Ukraine's 44 million people, including many ethnic Russians, is extremely pro-West and are "united in their opposition to the Russians," explained Heritage Foundation Vice President James Carafano. They "will fight really hard, and it will be very, very bloody." But Russia's overwhelming air power and manpower could turn the conflict into a lopsided massacre unless Ukraine receives Western military aid -- and fast. The result could be "millions of Ukrainians forced out of their own country, which will create a massive refugee flood into Western Europe," Carafano warned.
Ironically, Ukraine has little say over its fate. In the "three sets of meetings this week," American and Russian personnel dialogued directly (but got nowhere), the NATO-Russia Council will convene, and the Organization for Security and Co-operation in Europe (OSCE) will meet. Ukraine is only represented in the OSCE (along with 56 other nations). That's because, for most of the world, "this is not about Ukraine," explained Carafano. "This is about Putin wanting to expand his sphere of influence, destabilize NATO, and drive the United States out of the transatlantic community."
Russia frequently bullies its smaller neighbors through "energy blackmail," as Carafano termed it, by withholding energy shipments until they acquiesce with the Great Northern Bear's political diktats.

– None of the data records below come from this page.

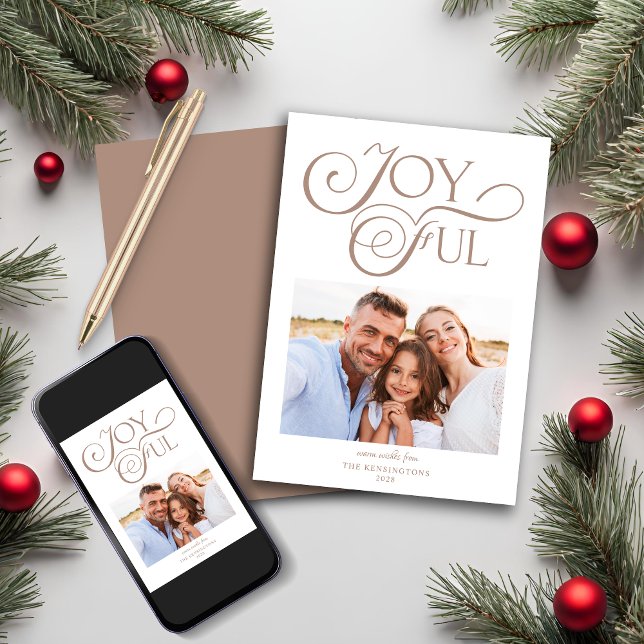 Taupe Earth Tones Jul Glatt Julfoto Julkort (Taupe Earth Tones Christmas Joyful Christmas Photo Holiday Card)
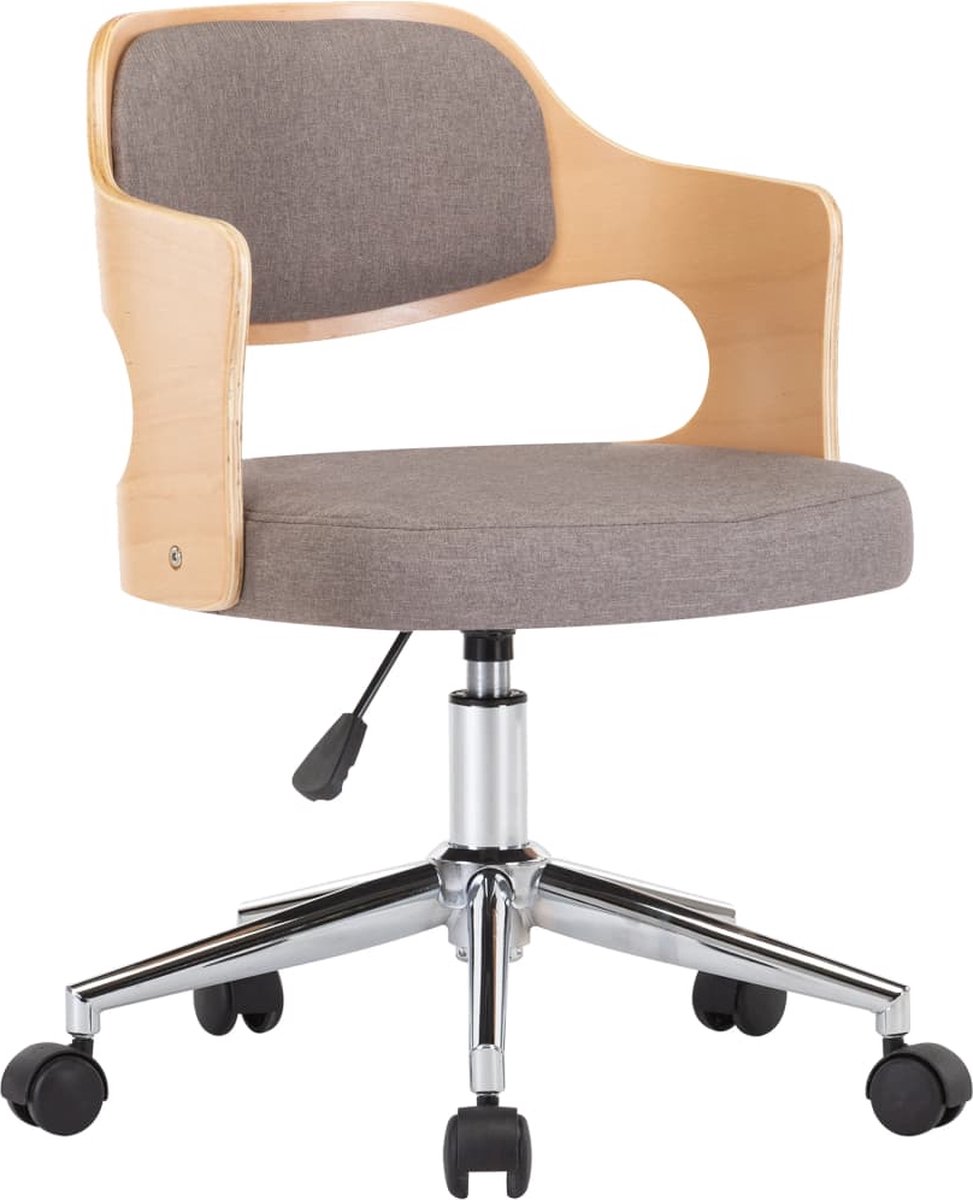 Vidaxl Kantoorstoel Draaibaar Gebogen Hout En Stof Taupe - Bruin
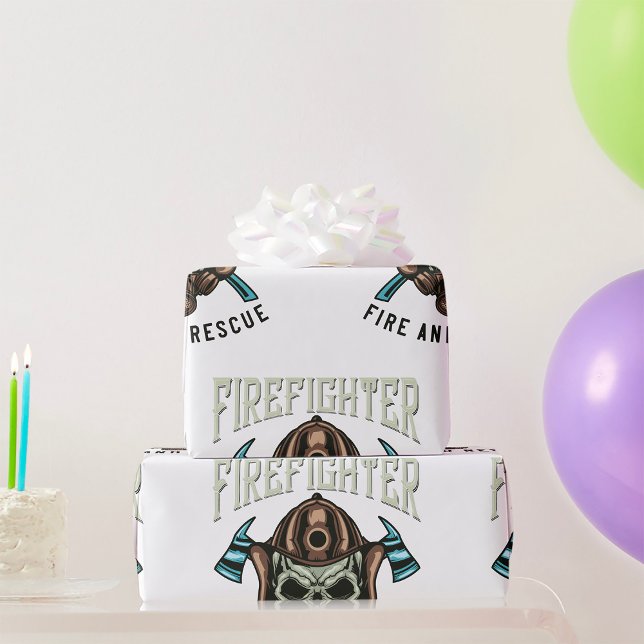 Firefighter Fire And Rescue Wrapping Paper (Creator Uploaded)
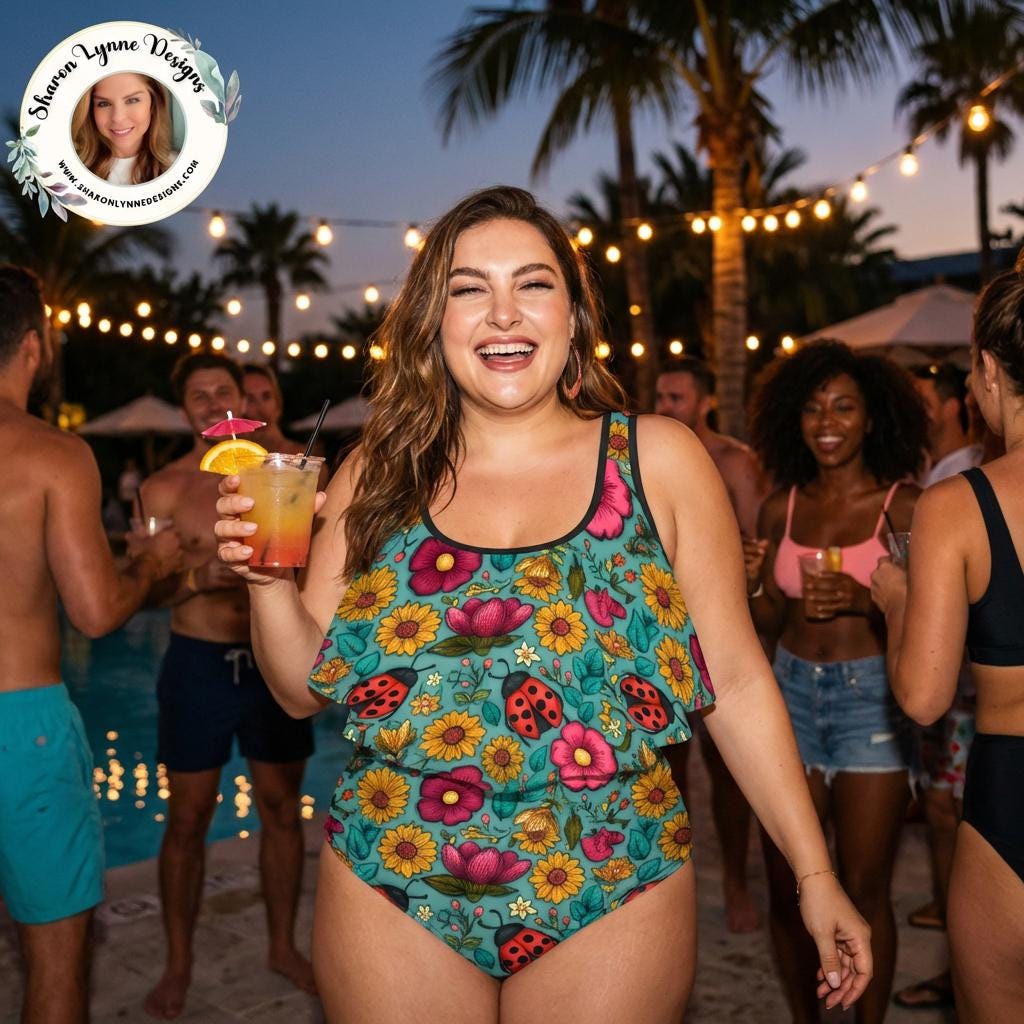 Plus Size Ruffle Swimsuit – Floral Ladybug Print Two-Piece Bikini
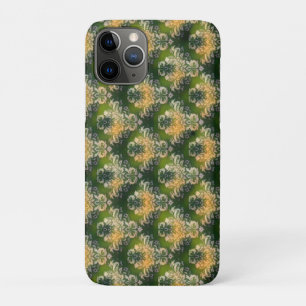 Vintage Green White Orange Floral Pattern iPhone 11 Pro Case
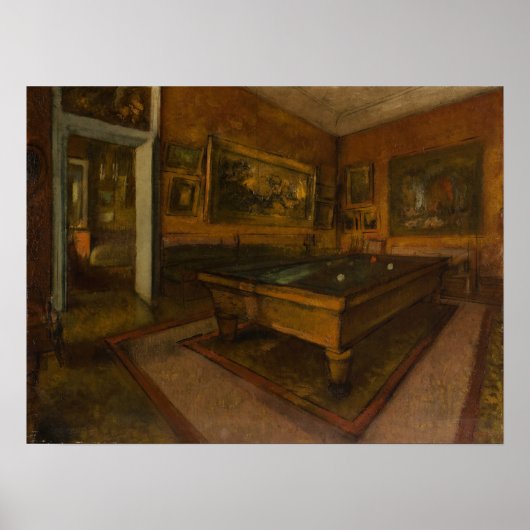 Degas - Billiard Room in Menil-Hubert Poster (Voorkant)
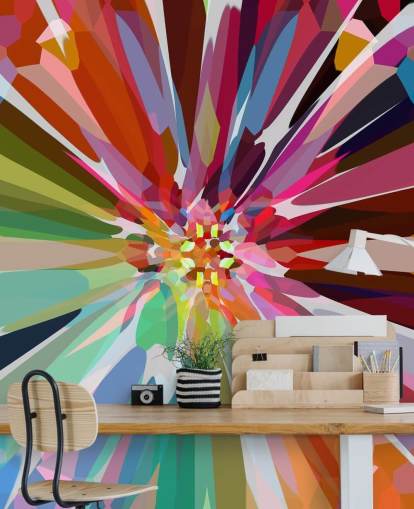 colourful abstract floral wallpaper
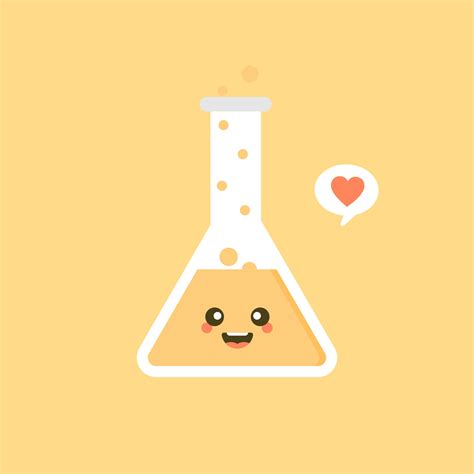 Kawaii And Cute Character Erlenmeyer Chemical Flask Flat Design Vector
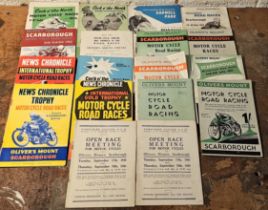 17 Olivers Mount race programs, c.1946 - 1958 and one Cadwell (18)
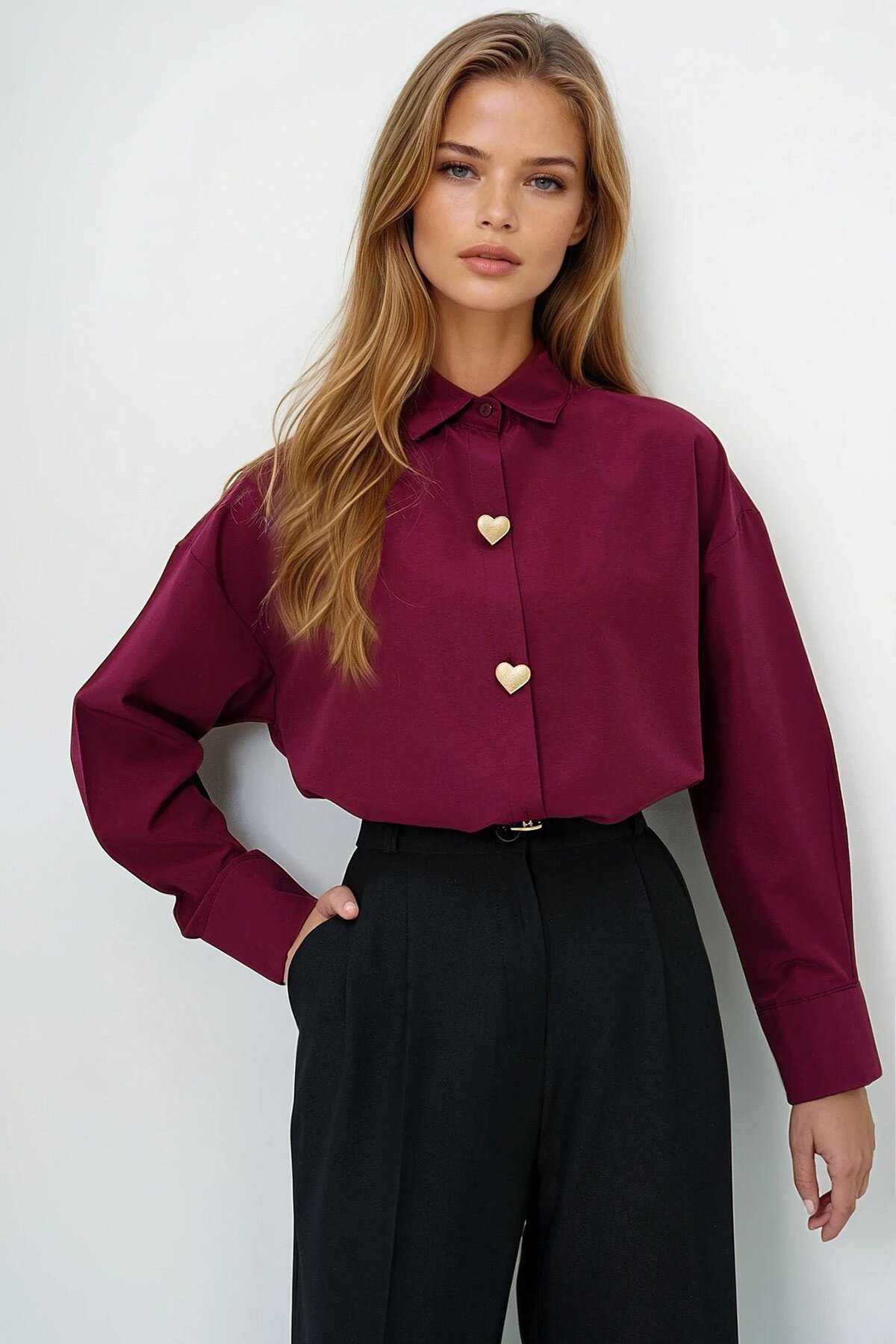 Bordo Kalp Düğmeli Oversize Poplin Gömlek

President Trump challenged Russia's stranglehold on Europe's energy supply by exporting American natural gas to Europe, but President Biden quickly killed that bright idea. Even America's Western European allies rely on Russia's energy exports, particularly in winter months (even Italy has said it cannot afford to sanction Russian energy in winter). The only obstacle to Russia's hardball energy diplomacy has been Ukraine, through which the pipelines to Western Europe run. But the Biden administration helped smooth Russia's way to complete another pipeline, the Nord Stream 2, which would completely bypass Ukraine.
So far, the Biden administration is playing right into Putin's already potent hand. Grand and manifestly vacuous rhetorical flourishes undermine America's security guarantees all over the world -- Putin's ultimate goal. Biden's team has "literally put nothing on the table so far that the Russians really worry about," Carafano complained. Threatened sanctions haven't stopped Russia before, and Russia responded to Biden's threat of sanctions with a threat of their own. And the disastrous Afghanistan withdrawal convinced the Russians that Biden was no one to worry about.
The question remains, will America roll over and allow Russia to annex Ukraine without a fight? In Europe of the 1930s, the Nazi spider swallowed whole nations -- Austria (1938), Czechoslovakia (1939), and Poland (1939) -- because more powerful nations would not rouse themselves. Like the Fuhrer, Vladimir Putin claims foreign lands on the pretense of ethnicity similarities, regularly avows his next conquest will satisfy him, and piles troops on the borders of weaker neighbors. Let us pray that, somehow, the world will avoid another, catastrophic parallel to 80 years ago: namely, the leader of the free world triumphantly returning home too soon to proclaim an empty agreement has secured "peace in our time."